JetStream 3 has been released as a major update to one of the web’s most recognized browser benchmarks, marking its first significant refresh since 2019.
For readers unfamiliar with it, JetStream is a benchmark suite designed to measure browser performance in JavaScript and WebAssembly workloads. It is important to understand that it focuses on evaluating compute-intensive aspects of modern web applications, rather than page rendering or interface responsiveness.
The BrowserBench project announced a new version supported by contributors from Apple, Google, Mozilla, and other browser engine developers. According to Chromium’s Blog, JetStream 3 was developed through an open governance, consensus-driven model involving engineers from all major JavaScript and WebAssembly engines.

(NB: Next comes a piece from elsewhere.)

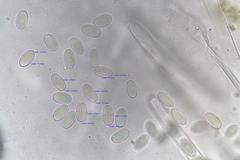 Cheilymenia coprinaria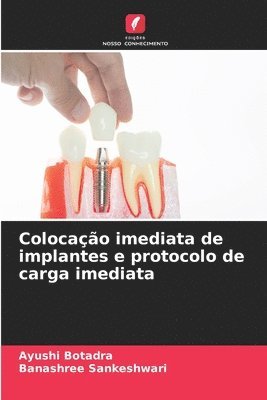 bokomslag Colocao imediata de implantes e protocolo de carga imediata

The primary change in JetStream 3 is a shift toward larger, more modern workloads. The BrowserBench team reports that older microbenchmarks have been reduced or removed, with greater emphasis now placed on applications that better represent current web usage.

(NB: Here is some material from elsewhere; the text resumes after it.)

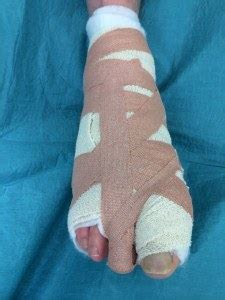 Plantar fasciitis is a pain disorder which affects the heel and the bottom of the foot and is the most common cause of foot pain. Plantar Fibroma and Fibromatosis | Mr Malik at LFAC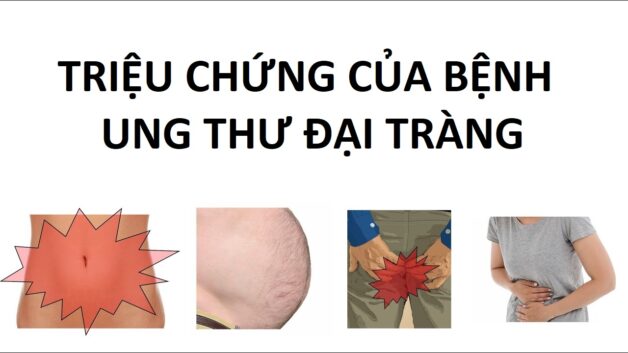 Bệnh ung thư đại tràng: Những thông tin cần biết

WebAssembly receives significantly greater representation in this release. JetStream 3 now includes 12 Wasm workloads and supports newer features, including exception handling, SIMD, and WasmGC. The benchmark also expands beyond its traditional C and C++ roots, incorporating workloads built with C#, Dart, Java, Kotlin, Rust, and C++.

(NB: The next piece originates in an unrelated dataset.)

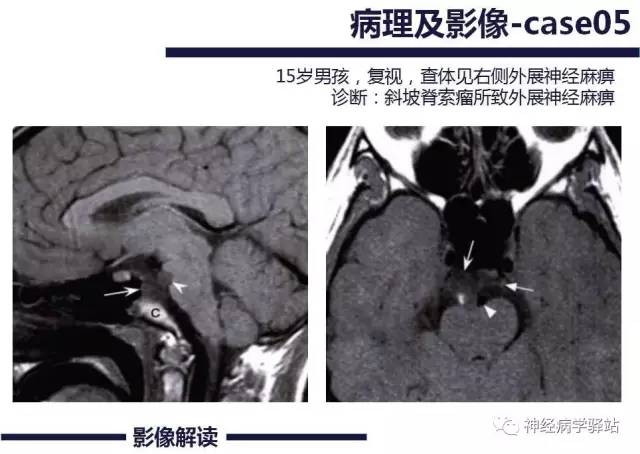 【PPT】展神经解剖、影像及临床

For JavaScript, JetStream 3 introduces or updates tests in areas including startup performance, asynchronous code, React server-side rendering, TypeScript compilation, 3D engines, tokenization, proxies, and class fields. Several older asm.js workloads have been removed.
Finally, I’ll just add that while benchmarks like Speedometer focus on everyday browser responsiveness, JetStream remains a clear indicator of how browser engines manage demanding, compute-intensive web workloads, and this latest version is a major step forward in that direction.